Игуменья, ее родственница (вдова дяди, князя Романа Полоцкого), увидев цветущую красу Пределавы, а паче того убоявшись гнева со стороны ее отца, сначала отказала княжне в пострижении. Но девушка явила столь твердую волю и столь мудрое понимание иночества, что та в конце концов сдалась на ее уговоры.
Примерно в середине 1110-х годов[44] княжна Предслава умерла для мира, а на ее место пришла монахиня Евфросиния. Князь Георгий печалился о ее судьбе и гневался на ее «пронырство», но переменить ничего не мог. Оставалось смириться…
Прожив какое-то время в обители близ города, святая Евфросиния превзошла всех сестер общины в посте, молитвах и ночных бдениях. Набравшись иноческого опыта, она упросила епископа Полоцкого Илью разрешить ей затвор в каменном «голбце» (маленьком чулане или погребе[45]) при соборе Святой Софии — огромном храме, первенствующем среди церквей Полоцкой земли. Здесь она резко ограничила себя в пище, а затем взялась за чрезвычайно тяжелую работу — переписывание церковных книг. Променяв роскошь, обеспеченную детям княжеского рода, на монашеское одеяние, она смирила себя до того, что работала как писец по найму и раздавала нуждающимся деньги, полученные за труды.

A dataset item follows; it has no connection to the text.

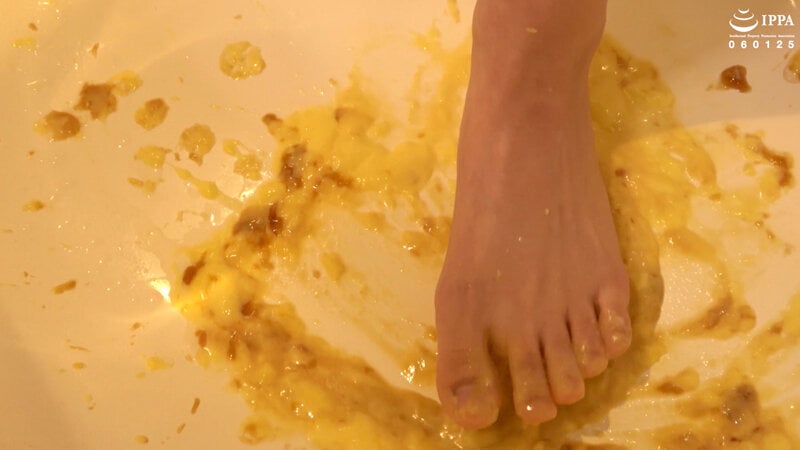 足裏でクラッシュフェチ 泉りおん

Последнее говорит, во-первых, о том, что бывшая княжна владела грамотой и любила книжную премудрость, и во-вторых, о том, что она приобрела редкий навык книгописания. В ту пору книги стоили весьма дорого. Их писали на пергамене — тонко выделанной телячьей коже. Книгописец работал чрезвычайно медленно, не столько выписывая, сколько вырисовывая каждую букву. Высокие, прямые, стоящие отдельно друг от друга «уставные» буквы пергаменных книг требовали умения и тщания. Изготовление одной-единственной книги считалось своего рода духовным подвигом. Писец, завершая работу и откладывая перо, счастливо вздыхал, словно переплыл море и пристал к родному берегу. Святая Евфросиния совершала такой духовный подвиг неоднократно, притом в исключительно тяжелых условиях.